> **WHAT NEEDS TO BE DONE**
For the entries that follow, restate word for word the line containing "Dekatkan Diri ke", the line containing "La terre racontée aux enfants", and every line that lies between them.

> **RECORDS FOR THIS TASK**
============================================================
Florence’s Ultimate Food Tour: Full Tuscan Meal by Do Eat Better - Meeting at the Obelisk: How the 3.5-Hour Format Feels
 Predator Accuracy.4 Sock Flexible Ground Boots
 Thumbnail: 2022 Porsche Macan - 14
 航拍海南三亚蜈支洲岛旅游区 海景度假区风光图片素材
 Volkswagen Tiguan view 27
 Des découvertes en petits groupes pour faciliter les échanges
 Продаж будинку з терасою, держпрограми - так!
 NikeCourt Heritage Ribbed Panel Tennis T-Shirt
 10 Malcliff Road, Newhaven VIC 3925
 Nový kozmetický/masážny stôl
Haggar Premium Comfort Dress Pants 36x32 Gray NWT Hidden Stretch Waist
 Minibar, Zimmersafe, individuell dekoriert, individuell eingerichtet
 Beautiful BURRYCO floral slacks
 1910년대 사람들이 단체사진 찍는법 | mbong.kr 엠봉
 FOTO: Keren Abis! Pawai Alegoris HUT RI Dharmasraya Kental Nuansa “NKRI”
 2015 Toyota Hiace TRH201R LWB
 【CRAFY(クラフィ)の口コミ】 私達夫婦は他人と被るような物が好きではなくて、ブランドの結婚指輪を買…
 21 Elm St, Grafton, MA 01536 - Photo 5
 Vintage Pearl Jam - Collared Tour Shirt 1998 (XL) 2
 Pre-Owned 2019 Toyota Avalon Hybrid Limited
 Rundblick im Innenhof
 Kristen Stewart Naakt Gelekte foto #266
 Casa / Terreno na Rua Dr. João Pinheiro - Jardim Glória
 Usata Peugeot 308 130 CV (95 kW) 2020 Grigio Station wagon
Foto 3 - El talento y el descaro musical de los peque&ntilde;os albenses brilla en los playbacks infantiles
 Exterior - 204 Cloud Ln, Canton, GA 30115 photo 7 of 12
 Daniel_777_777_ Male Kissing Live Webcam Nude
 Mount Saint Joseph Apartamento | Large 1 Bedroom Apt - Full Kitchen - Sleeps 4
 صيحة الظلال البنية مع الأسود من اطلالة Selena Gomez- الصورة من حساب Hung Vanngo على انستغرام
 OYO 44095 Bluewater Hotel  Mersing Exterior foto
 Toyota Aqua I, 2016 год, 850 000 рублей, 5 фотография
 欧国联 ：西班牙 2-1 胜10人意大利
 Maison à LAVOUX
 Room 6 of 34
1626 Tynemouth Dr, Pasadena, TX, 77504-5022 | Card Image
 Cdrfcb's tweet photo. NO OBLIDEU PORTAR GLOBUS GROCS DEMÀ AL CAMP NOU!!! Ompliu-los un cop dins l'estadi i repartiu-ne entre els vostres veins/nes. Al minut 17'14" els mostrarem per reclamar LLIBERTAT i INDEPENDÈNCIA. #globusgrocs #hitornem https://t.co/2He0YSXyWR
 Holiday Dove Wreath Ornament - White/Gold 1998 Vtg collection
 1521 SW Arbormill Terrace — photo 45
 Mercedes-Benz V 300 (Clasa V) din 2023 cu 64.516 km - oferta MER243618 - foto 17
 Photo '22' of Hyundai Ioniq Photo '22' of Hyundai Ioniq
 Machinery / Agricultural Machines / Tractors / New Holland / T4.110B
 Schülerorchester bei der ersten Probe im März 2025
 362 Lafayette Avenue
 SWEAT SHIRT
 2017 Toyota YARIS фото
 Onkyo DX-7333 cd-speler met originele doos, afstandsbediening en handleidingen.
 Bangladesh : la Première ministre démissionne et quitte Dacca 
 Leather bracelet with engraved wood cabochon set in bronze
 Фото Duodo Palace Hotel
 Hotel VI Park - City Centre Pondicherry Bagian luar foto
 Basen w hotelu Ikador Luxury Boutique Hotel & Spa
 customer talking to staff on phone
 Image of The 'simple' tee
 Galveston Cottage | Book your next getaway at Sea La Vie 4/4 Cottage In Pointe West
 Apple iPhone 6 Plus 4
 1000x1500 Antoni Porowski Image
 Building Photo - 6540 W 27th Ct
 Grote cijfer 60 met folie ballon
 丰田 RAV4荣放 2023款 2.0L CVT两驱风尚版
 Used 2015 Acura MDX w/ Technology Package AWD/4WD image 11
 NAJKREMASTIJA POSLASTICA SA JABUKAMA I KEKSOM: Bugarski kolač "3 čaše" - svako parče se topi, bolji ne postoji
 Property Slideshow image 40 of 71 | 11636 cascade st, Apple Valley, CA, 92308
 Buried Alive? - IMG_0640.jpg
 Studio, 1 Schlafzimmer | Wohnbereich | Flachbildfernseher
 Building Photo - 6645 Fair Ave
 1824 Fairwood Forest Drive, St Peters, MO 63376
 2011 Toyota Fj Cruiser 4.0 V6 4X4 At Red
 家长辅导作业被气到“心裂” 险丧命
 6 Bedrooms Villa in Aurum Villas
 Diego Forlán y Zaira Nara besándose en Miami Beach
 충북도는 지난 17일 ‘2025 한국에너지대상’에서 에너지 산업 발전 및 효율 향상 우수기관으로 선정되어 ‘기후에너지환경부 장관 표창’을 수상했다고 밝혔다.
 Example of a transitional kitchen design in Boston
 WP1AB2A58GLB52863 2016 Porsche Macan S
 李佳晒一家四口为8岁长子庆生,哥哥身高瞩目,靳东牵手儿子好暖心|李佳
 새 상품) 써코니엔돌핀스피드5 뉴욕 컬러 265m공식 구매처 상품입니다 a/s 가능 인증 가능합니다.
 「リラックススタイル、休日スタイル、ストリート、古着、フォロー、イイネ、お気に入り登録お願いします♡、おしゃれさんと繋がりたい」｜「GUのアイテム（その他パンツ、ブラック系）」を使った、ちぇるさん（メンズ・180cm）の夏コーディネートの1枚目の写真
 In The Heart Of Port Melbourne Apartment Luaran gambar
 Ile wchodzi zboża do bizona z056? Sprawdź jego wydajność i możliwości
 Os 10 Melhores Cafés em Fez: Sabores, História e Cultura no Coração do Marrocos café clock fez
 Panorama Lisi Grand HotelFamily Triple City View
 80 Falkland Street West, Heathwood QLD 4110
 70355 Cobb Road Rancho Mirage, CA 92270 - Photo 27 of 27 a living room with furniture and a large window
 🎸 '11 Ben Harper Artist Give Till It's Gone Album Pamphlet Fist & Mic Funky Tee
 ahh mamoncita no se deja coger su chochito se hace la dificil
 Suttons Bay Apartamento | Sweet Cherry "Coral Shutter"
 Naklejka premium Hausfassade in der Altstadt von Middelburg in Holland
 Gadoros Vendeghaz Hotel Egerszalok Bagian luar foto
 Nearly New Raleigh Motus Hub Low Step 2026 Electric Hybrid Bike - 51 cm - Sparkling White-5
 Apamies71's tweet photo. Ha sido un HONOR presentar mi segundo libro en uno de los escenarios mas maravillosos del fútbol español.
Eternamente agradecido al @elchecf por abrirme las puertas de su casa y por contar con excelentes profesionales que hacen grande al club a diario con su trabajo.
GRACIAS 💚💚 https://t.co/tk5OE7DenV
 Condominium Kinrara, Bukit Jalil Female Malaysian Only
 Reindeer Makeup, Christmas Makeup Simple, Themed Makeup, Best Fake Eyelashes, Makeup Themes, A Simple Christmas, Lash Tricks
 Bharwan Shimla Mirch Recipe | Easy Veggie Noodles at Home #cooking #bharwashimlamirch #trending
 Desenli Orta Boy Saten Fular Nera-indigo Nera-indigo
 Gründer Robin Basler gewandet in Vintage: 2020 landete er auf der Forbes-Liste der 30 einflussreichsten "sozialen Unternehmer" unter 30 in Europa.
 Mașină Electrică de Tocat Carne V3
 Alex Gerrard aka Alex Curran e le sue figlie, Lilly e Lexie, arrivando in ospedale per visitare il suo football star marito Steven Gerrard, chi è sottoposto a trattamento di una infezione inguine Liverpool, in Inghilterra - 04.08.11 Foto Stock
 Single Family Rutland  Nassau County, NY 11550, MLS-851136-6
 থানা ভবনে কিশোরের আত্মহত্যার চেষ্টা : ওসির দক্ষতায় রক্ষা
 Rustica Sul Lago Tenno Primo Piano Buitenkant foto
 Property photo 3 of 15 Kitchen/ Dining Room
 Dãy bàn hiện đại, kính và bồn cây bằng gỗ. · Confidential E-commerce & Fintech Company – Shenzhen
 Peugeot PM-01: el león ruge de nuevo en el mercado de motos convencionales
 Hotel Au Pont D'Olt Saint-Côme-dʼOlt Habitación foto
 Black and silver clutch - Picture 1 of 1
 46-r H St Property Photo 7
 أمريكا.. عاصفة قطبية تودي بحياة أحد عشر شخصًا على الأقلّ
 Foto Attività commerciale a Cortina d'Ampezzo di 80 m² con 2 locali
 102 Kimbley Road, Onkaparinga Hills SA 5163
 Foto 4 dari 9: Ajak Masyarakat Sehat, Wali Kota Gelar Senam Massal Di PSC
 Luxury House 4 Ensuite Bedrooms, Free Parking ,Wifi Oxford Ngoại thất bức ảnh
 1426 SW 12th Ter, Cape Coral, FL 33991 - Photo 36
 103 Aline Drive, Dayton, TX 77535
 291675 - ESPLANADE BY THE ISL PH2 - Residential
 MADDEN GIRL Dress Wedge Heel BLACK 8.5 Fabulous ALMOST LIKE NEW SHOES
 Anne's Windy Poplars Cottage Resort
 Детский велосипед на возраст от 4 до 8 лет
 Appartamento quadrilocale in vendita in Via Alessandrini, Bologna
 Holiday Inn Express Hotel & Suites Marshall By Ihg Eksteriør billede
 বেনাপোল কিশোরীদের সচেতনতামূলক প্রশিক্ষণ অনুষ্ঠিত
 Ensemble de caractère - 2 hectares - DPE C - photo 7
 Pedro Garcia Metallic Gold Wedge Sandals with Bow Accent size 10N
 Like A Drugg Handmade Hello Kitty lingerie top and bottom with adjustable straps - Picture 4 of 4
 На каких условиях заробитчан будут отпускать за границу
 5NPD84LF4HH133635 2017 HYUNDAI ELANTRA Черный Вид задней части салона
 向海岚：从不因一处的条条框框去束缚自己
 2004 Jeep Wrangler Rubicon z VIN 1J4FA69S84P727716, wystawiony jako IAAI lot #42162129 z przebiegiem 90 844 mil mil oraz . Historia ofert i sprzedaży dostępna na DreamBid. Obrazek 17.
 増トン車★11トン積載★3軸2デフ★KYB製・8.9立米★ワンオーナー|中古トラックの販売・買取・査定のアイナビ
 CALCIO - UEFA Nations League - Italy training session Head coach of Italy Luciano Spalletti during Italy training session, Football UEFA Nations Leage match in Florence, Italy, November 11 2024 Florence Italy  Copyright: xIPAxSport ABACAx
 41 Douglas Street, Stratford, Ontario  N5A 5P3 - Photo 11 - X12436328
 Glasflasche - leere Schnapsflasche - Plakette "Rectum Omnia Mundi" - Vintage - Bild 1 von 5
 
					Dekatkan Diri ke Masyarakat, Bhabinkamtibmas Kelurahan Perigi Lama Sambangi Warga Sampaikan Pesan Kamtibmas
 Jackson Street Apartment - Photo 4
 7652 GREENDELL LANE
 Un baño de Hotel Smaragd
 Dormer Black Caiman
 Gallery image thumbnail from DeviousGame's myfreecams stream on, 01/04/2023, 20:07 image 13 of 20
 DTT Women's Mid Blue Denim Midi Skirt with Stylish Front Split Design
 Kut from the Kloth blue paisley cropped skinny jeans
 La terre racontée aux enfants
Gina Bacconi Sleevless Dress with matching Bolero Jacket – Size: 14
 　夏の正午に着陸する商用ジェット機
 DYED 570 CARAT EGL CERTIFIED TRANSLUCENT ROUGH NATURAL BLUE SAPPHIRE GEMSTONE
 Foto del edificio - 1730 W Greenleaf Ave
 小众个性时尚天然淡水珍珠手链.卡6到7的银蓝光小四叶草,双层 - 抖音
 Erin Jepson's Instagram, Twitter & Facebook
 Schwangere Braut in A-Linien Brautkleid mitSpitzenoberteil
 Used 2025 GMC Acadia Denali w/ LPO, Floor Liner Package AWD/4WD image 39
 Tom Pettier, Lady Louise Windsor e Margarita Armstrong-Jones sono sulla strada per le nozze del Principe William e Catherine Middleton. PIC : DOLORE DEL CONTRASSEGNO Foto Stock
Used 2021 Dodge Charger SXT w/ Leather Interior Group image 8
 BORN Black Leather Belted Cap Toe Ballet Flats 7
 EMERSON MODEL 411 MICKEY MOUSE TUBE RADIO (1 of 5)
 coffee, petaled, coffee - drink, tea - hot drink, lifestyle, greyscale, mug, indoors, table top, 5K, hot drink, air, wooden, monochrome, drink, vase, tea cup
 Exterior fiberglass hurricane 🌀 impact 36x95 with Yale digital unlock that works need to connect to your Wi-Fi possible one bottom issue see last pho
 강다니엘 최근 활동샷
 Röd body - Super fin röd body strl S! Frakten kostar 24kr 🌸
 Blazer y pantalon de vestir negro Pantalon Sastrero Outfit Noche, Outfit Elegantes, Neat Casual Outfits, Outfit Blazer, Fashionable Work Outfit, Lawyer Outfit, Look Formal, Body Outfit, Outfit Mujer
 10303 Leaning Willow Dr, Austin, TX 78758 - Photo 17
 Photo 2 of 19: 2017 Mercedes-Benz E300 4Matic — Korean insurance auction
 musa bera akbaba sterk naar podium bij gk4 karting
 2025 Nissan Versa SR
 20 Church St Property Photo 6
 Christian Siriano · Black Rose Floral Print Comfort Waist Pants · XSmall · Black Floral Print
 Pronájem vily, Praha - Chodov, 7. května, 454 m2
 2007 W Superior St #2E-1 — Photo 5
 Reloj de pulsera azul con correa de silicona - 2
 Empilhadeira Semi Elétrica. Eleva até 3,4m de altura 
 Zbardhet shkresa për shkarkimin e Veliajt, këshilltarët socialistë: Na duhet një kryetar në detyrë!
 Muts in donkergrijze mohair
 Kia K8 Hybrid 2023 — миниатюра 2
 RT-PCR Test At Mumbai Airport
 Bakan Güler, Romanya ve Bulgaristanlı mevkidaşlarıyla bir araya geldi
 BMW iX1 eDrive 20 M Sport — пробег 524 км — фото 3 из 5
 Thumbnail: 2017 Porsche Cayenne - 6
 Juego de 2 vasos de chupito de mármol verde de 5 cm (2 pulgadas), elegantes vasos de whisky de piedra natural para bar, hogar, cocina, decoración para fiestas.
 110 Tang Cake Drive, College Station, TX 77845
============================================================
> **RESULT**
					Dekatkan Diri ke Masyarakat, Bhabinkamtibmas Kelurahan Perigi Lama Sambangi Warga Sampaikan Pesan Kamtibmas
 Jackson Street Apartment - Photo 4
 7652 GREENDELL LANE
 Un baño de Hotel Smaragd
 Dormer Black Caiman
 Gallery image thumbnail from DeviousGame's myfreecams stream on, 01/04/2023, 20:07 image 13 of 20
 DTT Women's Mid Blue Denim Midi Skirt with Stylish Front Split Design
 Kut from the Kloth blue paisley cropped skinny jeans
 La terre racontée aux enfants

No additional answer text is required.